Thanks to the Winds of Winter release date pressure, George R.R. Martin, like most of us, is in the dark about much of the coming end of Game of Thrones. He declined to visit the set for a cameo appearance in Season 8 and opted not to read the scripts for the final six episodes (Martin says "there may be important discrepancies" between the show and book series). Martin, instead, has been dedicating as much of his time as possible to the completion of the next novel in his A Song of Ice and Fire series, The Winds of Winter.
"It's the end for a lot of people," Martin told Entertainment Weekly. "It's not the end for me. I'm still deeply in it. I better live a long time because I have a lot of work left to do."
Both in conversation with EW and a Monday blog post on his own website, Martin has reflected on the long history of Game of Thrones—a process that began when Martin abandoned his TV writing career and has since brought him back into the fold with one of the most successful television shows of all time.
"A million years ago when the world was young and dinosaurs roamed the Earth, I spent the best part of a decade working in Hollywood," Martin wrote on his blog while announcing a graphic novel adaptation of one of his unproduced pilots, Starport. "In Hollywood they call it 'development hell,' and for good reasons.

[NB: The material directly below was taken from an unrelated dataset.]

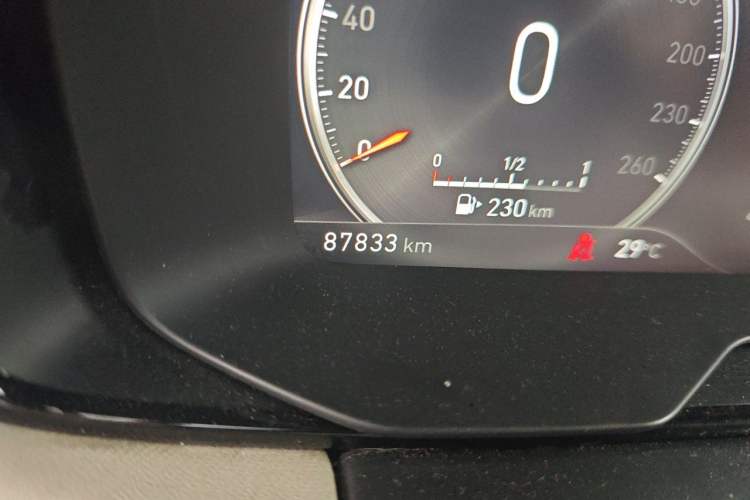 Used Lynk & Co 01 2017 2.0T Two-Wheel Drive Pro Edition Odometer Close Up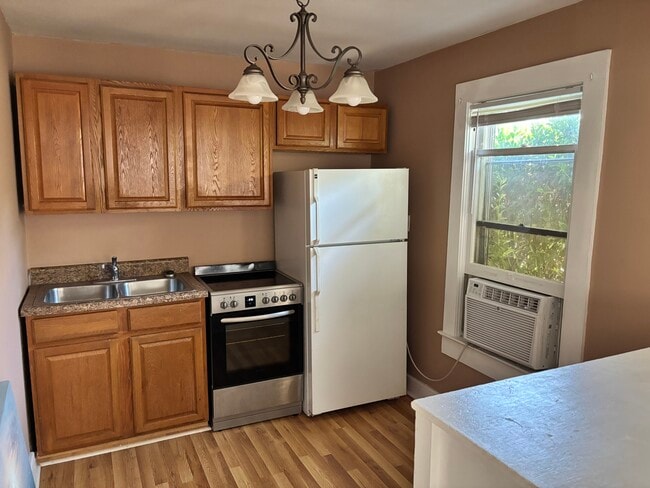 Photo - 321 W Allen St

You work just as hard, you make even more money, you pour your sweat and blood and tears into your creations… but most of what you create never gets aired."

Sick of development hell, Martin left television in search of an audience. "I put Hollywood behind me and returned to an unfinished novel I'd begun in 1991 and shelved for a few years because of film and TV deadlines, a book called A Game of Thrones, and… well, you all know how that turned out."

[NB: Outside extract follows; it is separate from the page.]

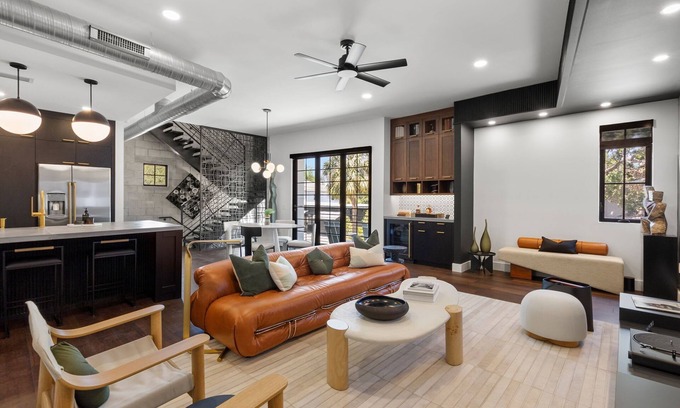 Hyde Park House | Luxury Hyde Park Home - Close to U of Tampa!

But while HBO's Game of Thrones brought Martin back to television writing—he originally pitched Game of Thrones as "The Sopranos in Middle Earth" and penned four episodes of the series—he soon found himself stepping away again, this time for The Winds of Winter.

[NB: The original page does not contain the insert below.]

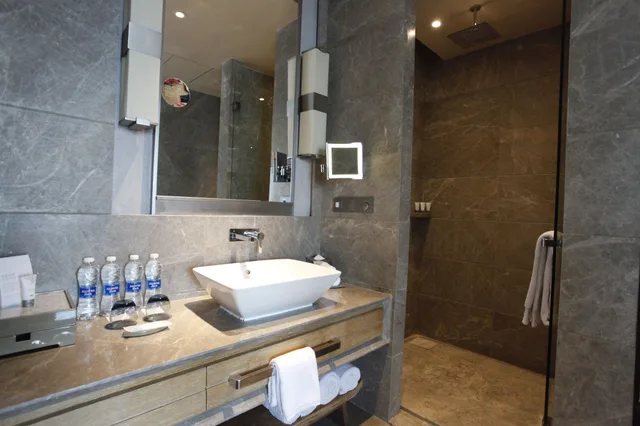 Renovated, Suite, King Bed، The Westin Chongqing Liberation Square 3/5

"After Season 4, George made a conscious decision to devote himself to the books," Game of Thrones co-creator D.B. Weiss told EW. "Anybody who's read the books knows that task in and of itself requires about 64 hours a day to do properly, and the differences between the show and the books became difficult to track in parallel—it's almost like he was in a weird science fiction movie trying to keep two similar-but-different universes in his mind at the same time."
"It's been an incredible ride," Martin told EW. "And almost all of it has been great. Obviously, I wished I finished these books soon so the show hadn't gotten ahead of me. I never anticipated that."
The Winds of Winter does not yet have a release date. After Winter, the A Song of Ice and Fire series will conclude in A Dream of Spring.